=== Section Start ===

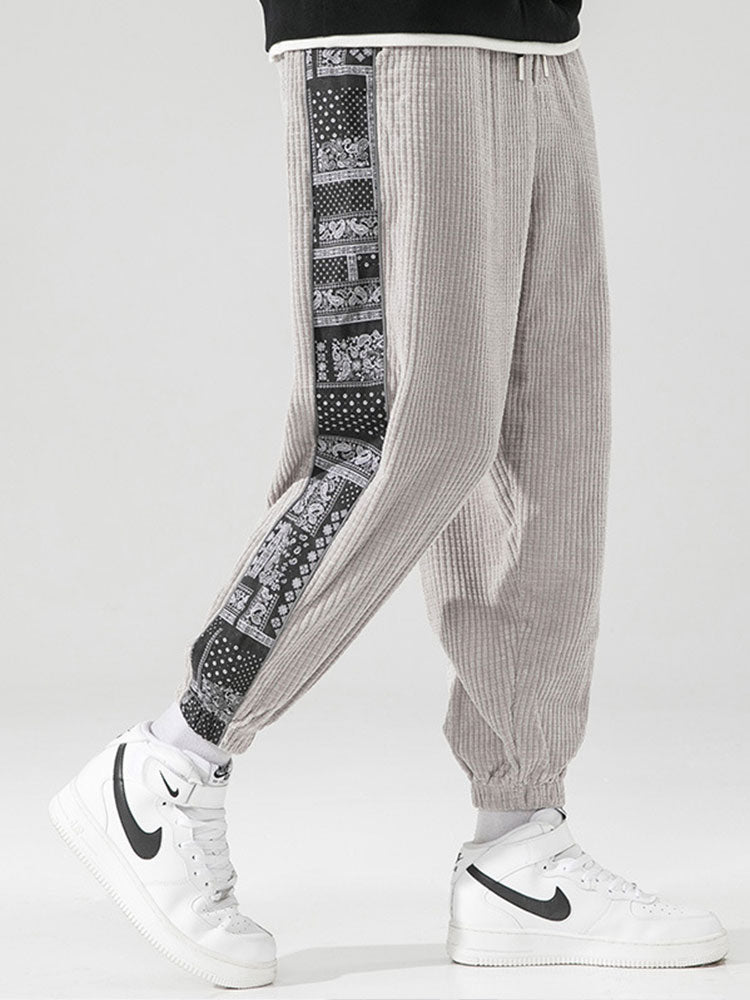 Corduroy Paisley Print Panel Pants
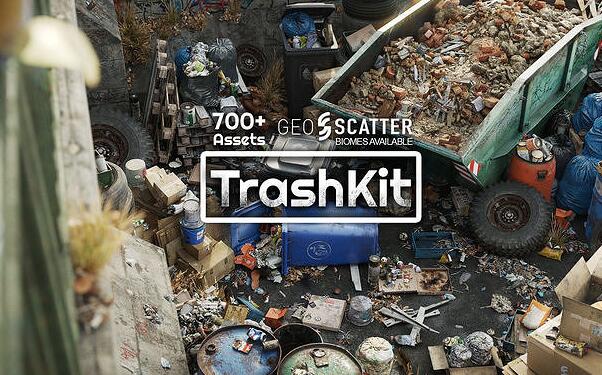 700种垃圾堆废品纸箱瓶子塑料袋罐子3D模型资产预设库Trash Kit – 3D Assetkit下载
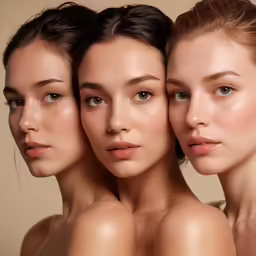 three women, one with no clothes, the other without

=== Section End ===
=== Section Start ===

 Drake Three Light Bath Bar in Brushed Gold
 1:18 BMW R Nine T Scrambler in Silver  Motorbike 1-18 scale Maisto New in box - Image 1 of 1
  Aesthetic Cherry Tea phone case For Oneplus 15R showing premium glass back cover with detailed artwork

=== Section End ===
=== Section Start ===

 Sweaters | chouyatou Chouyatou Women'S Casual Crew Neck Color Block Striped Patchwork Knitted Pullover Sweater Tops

=== Section End ===

Exercise instructions: In the entries above, restate word for word the lines between the one holding "1:18 BMW R Nine" and the one holding "Aesthetic Cherry Tea", inclusive, and nothing besides.

Task result:
 1:18 BMW R Nine T Scrambler in Silver  Motorbike 1-18 scale Maisto New in box - Image 1 of 1
  Aesthetic Cherry Tea phone case For Oneplus 15R showing premium glass back cover with detailed artwork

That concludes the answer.